Here is an interesting excerpt on very frequent deployment of software and how it reduces downtime:
Facebook developers are encouraged to push code often and quickly. Pushes are never delayed and applied directly to parts of the infrastructure. The idea is to quickly find issues and their impacts on the rest of system and surely fixing any bugs that would result from these frequent small changes.

Second, there is limited QA (quality assurance) teams at Facebook but lots of peer review of code. Since the Facebook engineering team is relatively small, all team members are in frequent communications. The team uses various staging and deployment tools as well as strategies such as A/B testing, and gradual targeted geographic launches.

This has resulted in a site that has experienced, according to Robert, less than 3 hours of down time in the past three years.
For more on the benefits of deploying software very frequently, not just for Facebook but for many software companies, please see also my post on blog@CACM, "Frequent Releases Change Software Engineering".

1 comment:

Unknown said...

>> "less than 3 hours of down time
>> in the past three years"

It's admirable that Facebook believes in rapid development and "good enough" testing.

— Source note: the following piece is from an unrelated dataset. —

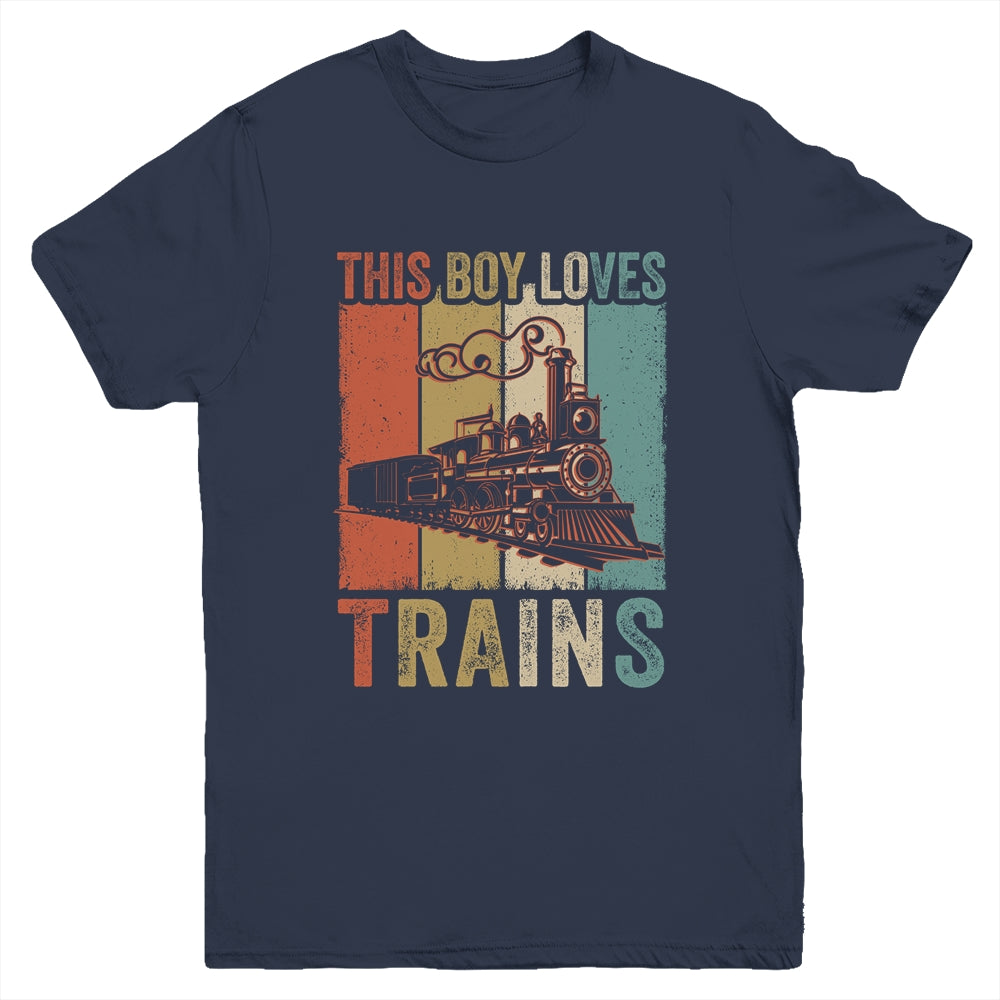 This Boy Loves Trains Train Boys Wagon Lover Retro Youth Shirt | teecentury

However, I'm a Facebook application developer and wanted to say that the claim of 3 hours of downtime is very deceptive. Facebook applications contribute an enormous number of pageviews for Facebook. I wouldn't be surprised if application pages contributed at least 20% of all Facebook pageviews. And the stability of the Facebook Application Platform is FAR worse that webpages that are entirely owned by Facebook.

I've been on the platform since 2007 and there hasn't been a single month where the Platform didn't have some sort of degradation. Degradation happens in terms of API errors, buggy functionality, and HTTP 404s. Just last night they had lots of problems.